Preference behavior in negotiations: How do you play the game?

Everyone has a preferred style in negotiations. A way of responding that automatically surfaces the moment pressure increases. That instinctive reaction is not inherently good or bad, but it does determine the outcome. Those who know their own preferred behaviour can deploy it consciously or adjust it. Those who don't are driven by it without realising it.

1. Brave Hendrik - The Harmony Seeker

Brave Hendrik wants to be liked above all else. Confrontation feels uncomfortable, so it is avoided. The focus is on the relationship, on showing understanding and on collaboration. That sounds sympathetic, but at the negotiating table it comes at a price.

The harmony seeker concedes too quickly. Not because the other party's argument is stronger, but because the tension feels unpleasant. The result is a deal that serves the other party more than yourself. Afterwards, a sense of dissatisfaction often lingers: the feeling that you could have achieved more had you been firmer.

The risk of this behaviour is structural value loss. Those who consistently concede too early train the other party to keep asking for more. The relationship you are trying to protect ultimately becomes a relationship of inequality.

Where is this behaviour effective? In long-term partnerships where building trust and relationship takes priority over maximising a single outcome. But even then, it must be a conscious choice, not an automatic reflex.
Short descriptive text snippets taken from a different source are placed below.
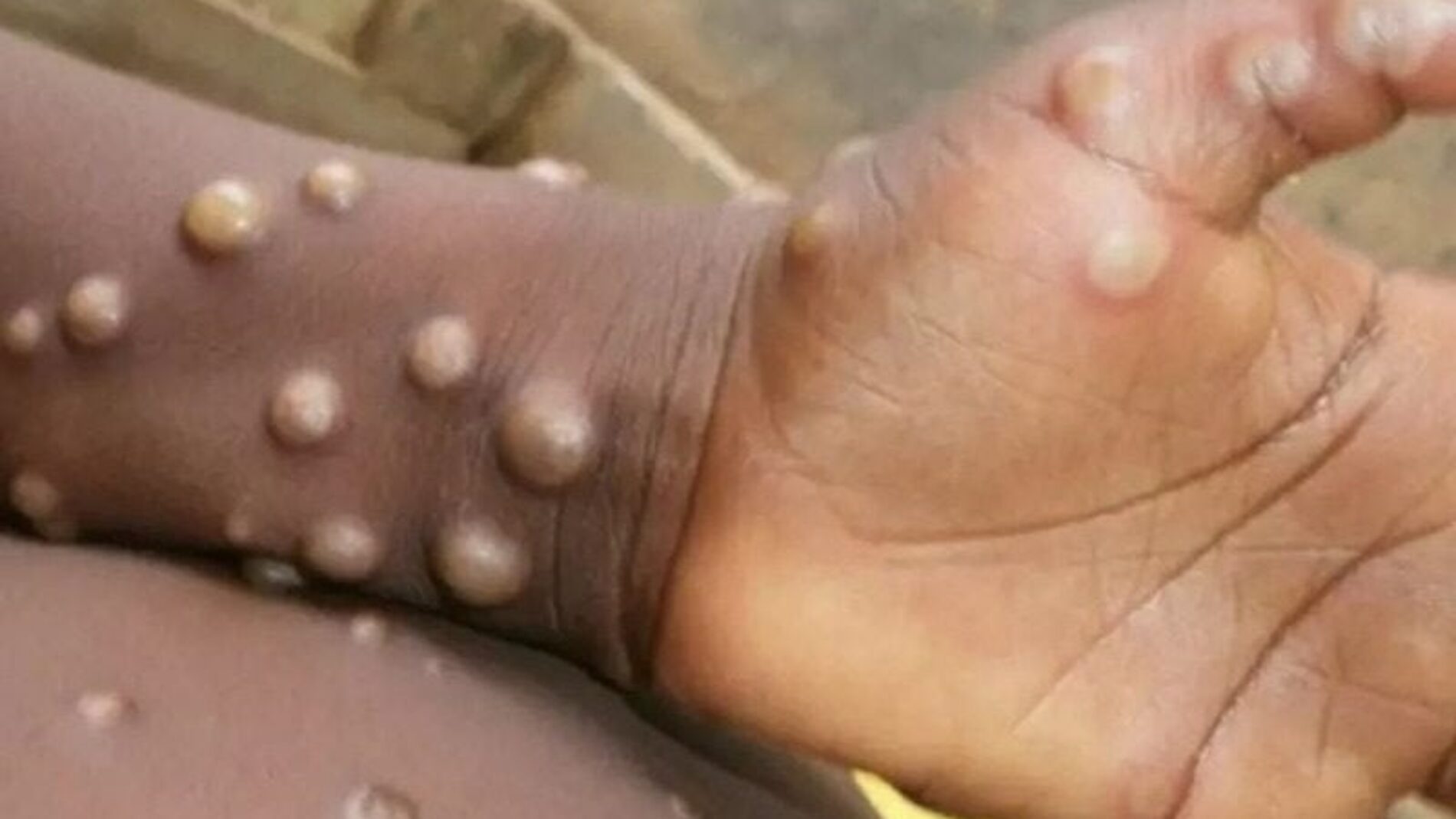 Burundi : les personnes atteintes de la variole du singe vont être soignées gratuitement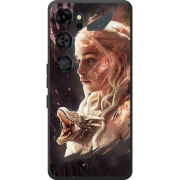Чохол BoxFace Nubia Neo 5 GT 5G 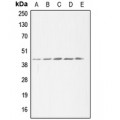 LifeSab™ ACAT1 Rabbit pAb (50 µl)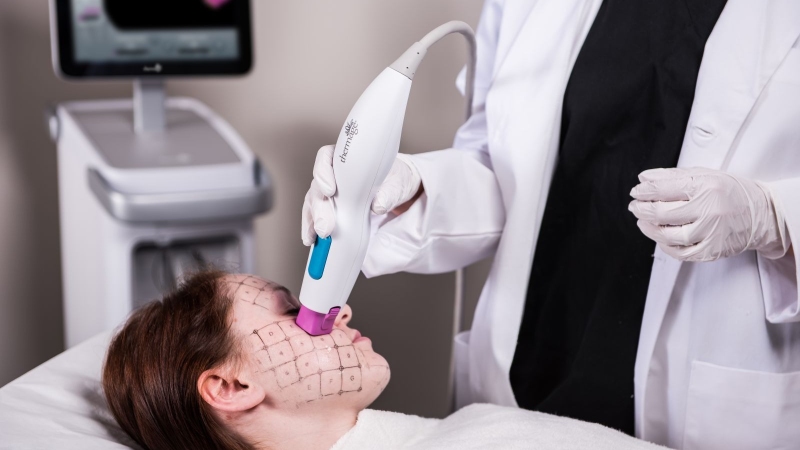 Nguyên nhân gây hỏng máy Thermage thường gặp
2. Linke Loetje - The Dominant Negotiator

Linke Loetje sees negotiation as a competition. There is a winner and a loser, and Linke Loetje wants to win. Cards are kept close to the chest, information is withheld strategically and the game is played hard.
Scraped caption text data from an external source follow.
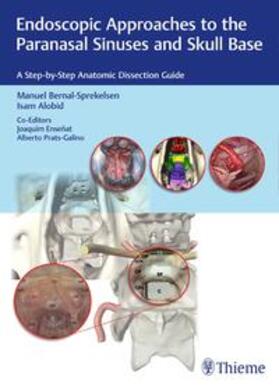 Bernal-Sprekelsen / Alobid / Ensenat |  Endoscopic Approaches to the Paranasal Sinuses a. Skull Base | Buch |  Sack Fachmedien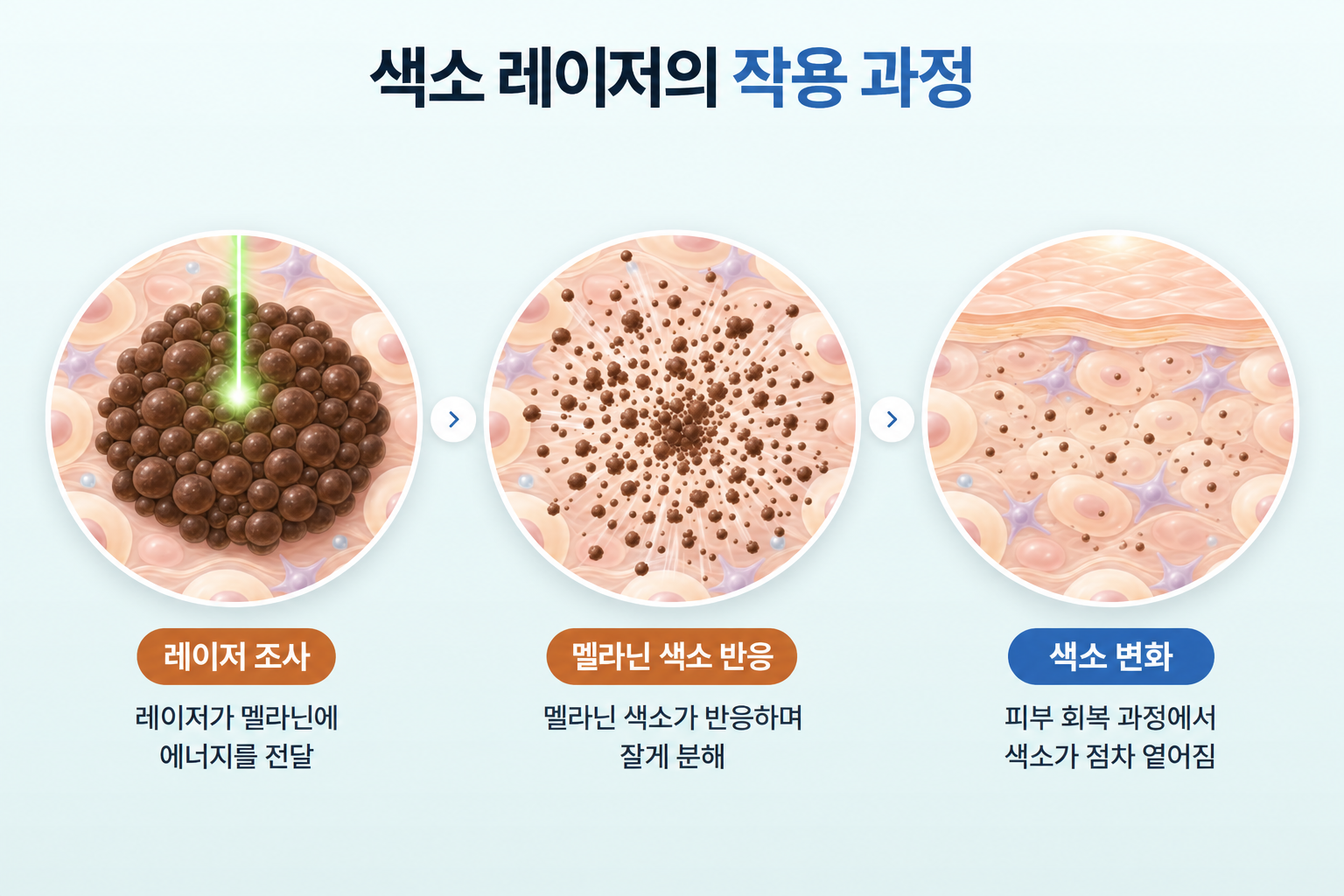 레이저 에너지가 멜라닌 색소에 전달되고 색소 덩어리가 작은 입자로 분해된 뒤 피부 회복 과정에서 색소가 점차 옅어지는 3단계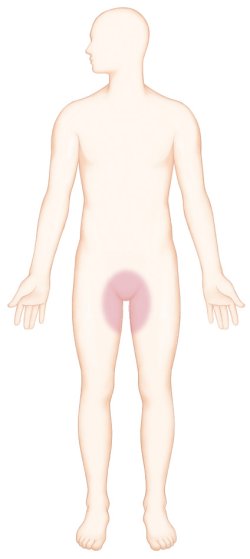 서혜부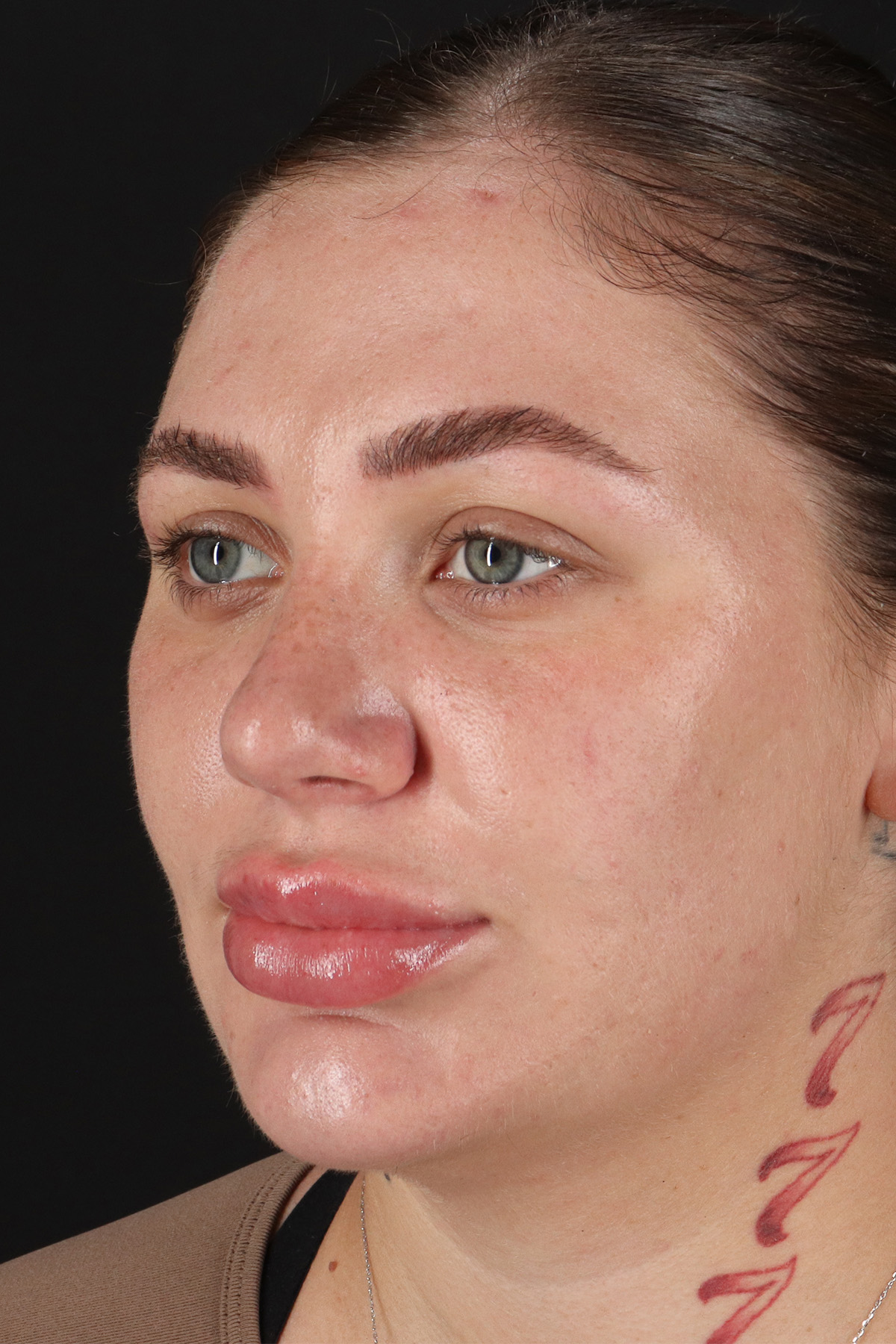Rhinoplasty Before & After Patient #12403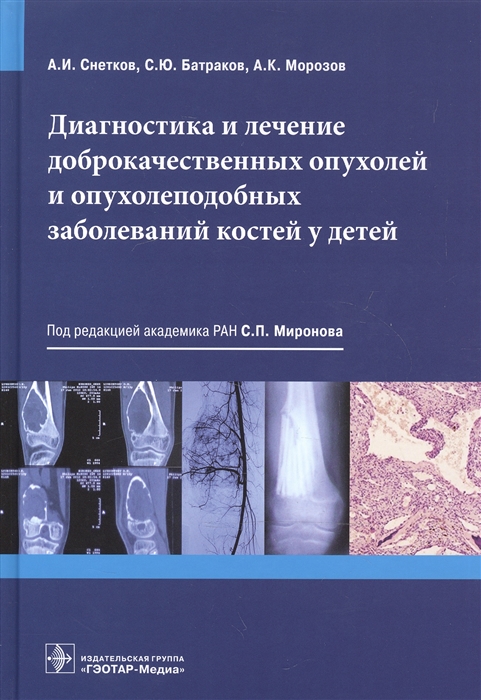 

Диагностика и лечение доброкачественных опухолей и опухолеподобных заболеваний костей у детей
This style often delivers strong results in the short term. The dominant negotiator claims value, applies pressure and forces concessions. But there is a downside. Relationships can be damaged. Partners feel manipulated or pressured, and over time look for alternatives.

The risk is isolation. Those who always win at the table eventually lose the partners who are willing to come to the table. In highly competitive markets this approach can work, provided you are aware of its limits and consequences.

3. The Enthusiastic Beginner

The enthusiastic beginner has no conscious strategy. Responses are impulsive, driven by whatever happens in the conversation. One moment there is compliance, the next unexpected firmness. The approach shifts constantly without any clear line running through it.

This lack of consistency undermines credibility. The other party does not know what to expect and loses confidence that there is a reliable counterpart on the other side of the table. The outcome is unpredictable and rarely optimal.

The risk of this behaviour goes beyond a bad deal. It damages your professional reputation. Negotiating partners remember how you behave under pressure, and that impression shapes how future conversations unfold.

Professional Negotiation Behaviour

The best negotiators do not fall into any of these three categories. They recognise all three styles, understand when each behaviour is functional and consciously switch between approaches depending on the situation.

Professional negotiators treat negotiation as a game. They take nothing personally and do not let emotions set the course. Their guiding principle is clear: hard on the content, soft on the relationship. They defend their interests with conviction, but always treat the other party with respect.

In practice, this means they remain emotionally independent. Pressure, frustration or provocation from the other party does not change their approach. They do not react impulsively but strategically. And they always seek the optimal deal rather than a win or a loss. A deal in which both parties find sufficient value to sustain the partnership.

Conclusion

Recognise your own preferred behaviour. Know when it serves you and when it limits you. And develop the ability to switch consciously between styles. That is not a trick, but a skill you can train. Those who master that skill have an advantage at every negotiating table.